Handbediengerät mit grafischer Oberfläche vor Roboterarm von ABB

Mit grafischen Tools wie Wizard Easy Programming lässt sich per Drag&Drop von Funktionsblöcken ein Programm für den Roboter zusammenstellen. (Bild: ABB Robotics)

Ein Thema der Automatica 2022 ist die schnelle Inbetriebnahme von Robotern. Wie lassen sich einfache und virtuelle Inbetriebnahme voneinander abgrenzen?
 
Katja Butterweck; Grundsätzlich kann man natürlich die Welten unterscheiden: die virtuelle und die reale. Es geht also darum, ob jemand wirklich am Roboter steht oder ob er am Rechner vor dem Bildschirm sitzt.  

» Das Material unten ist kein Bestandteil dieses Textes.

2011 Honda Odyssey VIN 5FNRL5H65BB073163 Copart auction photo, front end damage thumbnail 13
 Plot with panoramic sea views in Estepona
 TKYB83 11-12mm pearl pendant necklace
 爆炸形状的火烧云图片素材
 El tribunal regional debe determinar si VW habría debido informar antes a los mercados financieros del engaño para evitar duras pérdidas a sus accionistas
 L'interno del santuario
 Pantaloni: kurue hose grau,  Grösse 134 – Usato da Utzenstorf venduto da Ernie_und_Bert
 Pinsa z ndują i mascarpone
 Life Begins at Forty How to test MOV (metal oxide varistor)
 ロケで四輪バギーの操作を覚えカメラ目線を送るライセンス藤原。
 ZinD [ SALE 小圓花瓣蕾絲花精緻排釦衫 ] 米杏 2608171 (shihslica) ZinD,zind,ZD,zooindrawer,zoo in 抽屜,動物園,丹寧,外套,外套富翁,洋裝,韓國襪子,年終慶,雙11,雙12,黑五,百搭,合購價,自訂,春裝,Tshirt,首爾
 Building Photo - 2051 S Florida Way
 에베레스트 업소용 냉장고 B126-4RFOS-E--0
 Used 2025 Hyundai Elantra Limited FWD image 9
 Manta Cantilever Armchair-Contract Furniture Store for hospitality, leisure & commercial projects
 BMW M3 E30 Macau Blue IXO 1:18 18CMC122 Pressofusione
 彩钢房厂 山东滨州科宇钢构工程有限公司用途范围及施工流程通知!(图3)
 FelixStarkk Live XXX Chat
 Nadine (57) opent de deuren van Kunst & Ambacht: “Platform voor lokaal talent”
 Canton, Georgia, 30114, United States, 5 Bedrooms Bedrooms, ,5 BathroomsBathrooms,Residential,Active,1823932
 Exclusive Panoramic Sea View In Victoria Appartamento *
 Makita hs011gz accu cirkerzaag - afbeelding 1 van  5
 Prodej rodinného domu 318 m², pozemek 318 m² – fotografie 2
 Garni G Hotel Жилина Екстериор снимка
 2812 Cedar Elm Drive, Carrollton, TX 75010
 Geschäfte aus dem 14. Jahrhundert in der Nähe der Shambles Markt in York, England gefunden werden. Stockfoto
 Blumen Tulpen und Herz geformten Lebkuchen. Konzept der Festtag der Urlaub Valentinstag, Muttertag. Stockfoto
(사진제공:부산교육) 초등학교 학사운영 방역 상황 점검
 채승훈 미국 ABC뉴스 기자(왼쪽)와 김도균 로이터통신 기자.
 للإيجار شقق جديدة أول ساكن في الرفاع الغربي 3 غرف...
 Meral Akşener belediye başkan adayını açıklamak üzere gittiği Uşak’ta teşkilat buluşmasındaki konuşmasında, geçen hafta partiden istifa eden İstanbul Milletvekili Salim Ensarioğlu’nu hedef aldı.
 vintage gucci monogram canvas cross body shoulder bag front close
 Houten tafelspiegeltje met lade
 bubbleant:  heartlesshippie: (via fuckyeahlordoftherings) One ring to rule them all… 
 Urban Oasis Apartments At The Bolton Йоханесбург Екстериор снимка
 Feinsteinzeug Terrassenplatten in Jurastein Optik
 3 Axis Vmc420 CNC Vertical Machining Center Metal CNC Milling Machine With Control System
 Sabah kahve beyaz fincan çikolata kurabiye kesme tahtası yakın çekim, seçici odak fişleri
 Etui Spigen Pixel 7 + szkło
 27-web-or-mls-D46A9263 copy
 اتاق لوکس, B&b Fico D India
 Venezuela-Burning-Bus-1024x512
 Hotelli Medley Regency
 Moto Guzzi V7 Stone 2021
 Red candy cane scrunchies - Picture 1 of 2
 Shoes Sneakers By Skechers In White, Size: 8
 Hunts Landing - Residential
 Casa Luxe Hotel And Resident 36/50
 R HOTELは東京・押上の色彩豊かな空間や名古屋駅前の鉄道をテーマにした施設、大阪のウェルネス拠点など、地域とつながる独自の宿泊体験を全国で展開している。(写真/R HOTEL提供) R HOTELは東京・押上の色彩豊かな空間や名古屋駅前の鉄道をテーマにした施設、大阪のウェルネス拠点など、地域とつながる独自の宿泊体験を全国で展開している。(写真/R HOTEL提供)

Daneben gibt es aber tatsächlich noch eine Welt dazwischen, wo ich einen PC am Roboter anschließe. Solange ich so wirklich mit dem Roboter verbunden bin und auf der Robotersteuerung arbeite, ist es immer noch die Arbeit am realen Roboter. Aber wenn ich mir jetzt eine digitale Kopie ziehe von meinem realen Roboter und dann an dieser Kopie auf meinem PC arbeite, dann bin ich eigentlich im Bereich virtuelle Inbetriebnahme, weil ich mit dem virtuellen Zwilling arbeite.

Praktischerweise kann man aber auch genau andersherum mit dem virtuellen Roboter anfangen, dort alles vorbereiten und es dann auf das reale System spielen.  

Zur Person: Katja Butterweck

Katja Butterweck (Bild: ABB)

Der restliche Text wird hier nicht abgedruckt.